On the other hand, the Moon affects liquid states on Earth: the tides of the ocean and the mantle,
underneath the Earth’s crust, plants and animals, humans and non-humans, and all vessels of
other life forms. Many other procedures and rituals are related to the Moon, such as cow horn
manure, an ancient agriculture procedure known now as biodynamic, which is made twice a year
following the moon calendar and menstruation—the experience of death and renewal—man will
never understand.
Moon, she said…, comprises works by Paulina Semkowicz, Michi Lukas, and Hugo Canoilas.
Their practices share the use of textiles, which imply certain specificities to painting. All of them
work partially on a horizontal plan, which is the moment when gravity allows their processes to
mimic nature in the way colors react to each other, and how paint intertwines with the fabric’s
filaments.
Semkowicz’s use of fabrics is underlined in the installation of her works—a thought of textiles as
soft materials with folds or adapting to specific environments like a wooden house in the
countryside or the garden around it. Semkowicz paints with no center, playing with volumes as
tectonic masses, creating basins and mountains, geologically known as revolutions. Opposite to
these tectonic forces, the spiritual and psychedelic maps of planets and stars by Lukas are
attractions to an unknown. These unknowns reveal themselves during the process-based
abstraction strategies Lukas uses to later project mental images on them. Light here is the
visibility of interior desires and not of a professed reality.

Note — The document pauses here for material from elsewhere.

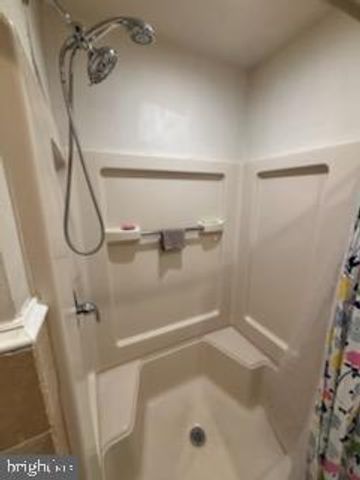 133 W GLOUCESTER PIKE, Barrington, NJ 08007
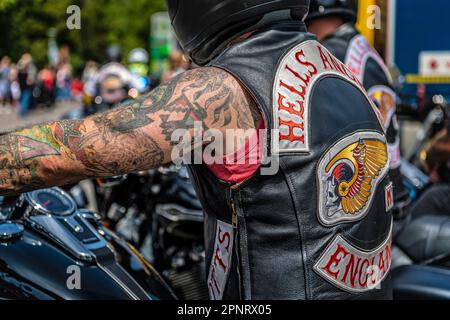 Gli Hells Angels si incontrano alla stazione di servizio, West Sussex Foto Stock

The unknown or barely known deep sea creatures depicted by Canoilas come to the surface
attracted by the full Moon. Using a textile painting technique similar to oriental calligraphy or bird
painting, they sublimate a new relation with nature and cast new forms of relationship and
coexistence.
Attraction and contraction are the axes of this exhibition in many voices that resonate with
Maurice Blanchot’s idea of disaster: a production with no sun, no center, and no axis due to the
myriad of invisible forces that produce the works. The heterogeneity of impulses and relations is
multiplied by a collection of stones and crystals placed in the hallway so their immanence can run
throughout the exhibition. These stones and crystals are not edited by their specific qualities,
avoiding manipulation of the mood or awakening of the visitor. They are anonymous and plural
and in symbiosis with the artworks’ matter.